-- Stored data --

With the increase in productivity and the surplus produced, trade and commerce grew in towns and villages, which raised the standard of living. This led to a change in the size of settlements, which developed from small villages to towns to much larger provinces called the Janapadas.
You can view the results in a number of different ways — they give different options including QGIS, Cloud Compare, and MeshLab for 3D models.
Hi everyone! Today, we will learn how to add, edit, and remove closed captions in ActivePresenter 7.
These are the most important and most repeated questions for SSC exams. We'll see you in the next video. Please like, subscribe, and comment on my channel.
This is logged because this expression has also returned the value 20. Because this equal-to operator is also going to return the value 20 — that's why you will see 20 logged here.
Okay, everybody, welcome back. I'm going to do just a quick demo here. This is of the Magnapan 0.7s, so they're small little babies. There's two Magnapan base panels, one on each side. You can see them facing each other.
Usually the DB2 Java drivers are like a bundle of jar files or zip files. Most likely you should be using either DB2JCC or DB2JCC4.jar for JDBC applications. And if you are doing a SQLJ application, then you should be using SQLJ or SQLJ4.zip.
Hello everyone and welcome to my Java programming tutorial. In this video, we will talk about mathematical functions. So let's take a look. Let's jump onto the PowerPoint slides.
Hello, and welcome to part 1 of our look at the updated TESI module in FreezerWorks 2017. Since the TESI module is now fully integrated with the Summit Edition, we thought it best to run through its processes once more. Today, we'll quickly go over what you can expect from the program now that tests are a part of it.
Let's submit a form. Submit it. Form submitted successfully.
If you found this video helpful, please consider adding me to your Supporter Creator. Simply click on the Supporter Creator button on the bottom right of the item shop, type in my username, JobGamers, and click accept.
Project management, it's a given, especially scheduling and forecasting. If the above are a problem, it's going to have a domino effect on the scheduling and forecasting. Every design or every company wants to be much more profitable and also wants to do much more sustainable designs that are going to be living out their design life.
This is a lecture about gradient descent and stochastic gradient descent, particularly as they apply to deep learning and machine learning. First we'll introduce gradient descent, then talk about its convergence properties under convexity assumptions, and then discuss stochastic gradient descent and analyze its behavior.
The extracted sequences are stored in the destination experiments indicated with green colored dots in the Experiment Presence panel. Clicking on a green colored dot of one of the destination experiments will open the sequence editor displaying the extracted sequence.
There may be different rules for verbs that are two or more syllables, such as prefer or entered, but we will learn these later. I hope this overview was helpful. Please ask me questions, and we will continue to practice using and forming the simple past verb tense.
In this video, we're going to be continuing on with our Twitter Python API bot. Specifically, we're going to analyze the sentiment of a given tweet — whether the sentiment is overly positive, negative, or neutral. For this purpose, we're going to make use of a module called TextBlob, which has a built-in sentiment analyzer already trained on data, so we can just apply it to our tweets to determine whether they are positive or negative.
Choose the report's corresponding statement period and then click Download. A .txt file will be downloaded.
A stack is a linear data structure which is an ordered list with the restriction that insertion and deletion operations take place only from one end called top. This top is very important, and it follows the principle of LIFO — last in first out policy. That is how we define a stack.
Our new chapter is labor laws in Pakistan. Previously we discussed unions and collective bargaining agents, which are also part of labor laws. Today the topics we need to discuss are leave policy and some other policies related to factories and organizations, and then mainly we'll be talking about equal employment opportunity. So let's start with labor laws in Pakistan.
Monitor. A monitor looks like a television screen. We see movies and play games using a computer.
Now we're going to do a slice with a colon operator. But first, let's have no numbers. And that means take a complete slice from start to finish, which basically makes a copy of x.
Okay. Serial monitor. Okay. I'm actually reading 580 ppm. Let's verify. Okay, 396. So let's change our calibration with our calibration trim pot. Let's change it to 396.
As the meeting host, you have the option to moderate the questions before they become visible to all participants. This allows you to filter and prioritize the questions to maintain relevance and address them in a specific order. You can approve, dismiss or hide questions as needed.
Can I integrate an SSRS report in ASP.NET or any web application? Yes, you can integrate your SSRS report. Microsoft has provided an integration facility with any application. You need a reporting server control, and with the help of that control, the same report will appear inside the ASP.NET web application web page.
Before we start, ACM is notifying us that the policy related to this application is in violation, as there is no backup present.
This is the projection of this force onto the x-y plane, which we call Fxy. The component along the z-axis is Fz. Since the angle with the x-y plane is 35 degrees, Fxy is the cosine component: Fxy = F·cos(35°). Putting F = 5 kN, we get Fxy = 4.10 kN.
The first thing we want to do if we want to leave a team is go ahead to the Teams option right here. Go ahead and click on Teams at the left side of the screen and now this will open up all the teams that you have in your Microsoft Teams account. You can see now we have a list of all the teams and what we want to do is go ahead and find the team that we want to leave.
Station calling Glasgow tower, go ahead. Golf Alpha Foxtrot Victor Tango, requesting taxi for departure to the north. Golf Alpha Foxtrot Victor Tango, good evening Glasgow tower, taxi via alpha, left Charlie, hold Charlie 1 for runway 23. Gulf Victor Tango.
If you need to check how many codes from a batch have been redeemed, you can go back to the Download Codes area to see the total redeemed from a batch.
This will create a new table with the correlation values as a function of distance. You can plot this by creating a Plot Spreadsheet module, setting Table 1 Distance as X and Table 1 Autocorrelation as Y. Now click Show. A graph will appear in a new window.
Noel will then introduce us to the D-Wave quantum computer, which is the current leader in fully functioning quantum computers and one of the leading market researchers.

-- What the task asks --
Of the lines above, count those containing the word "like", and give the number by itself.

-- Answer for this exercise --
3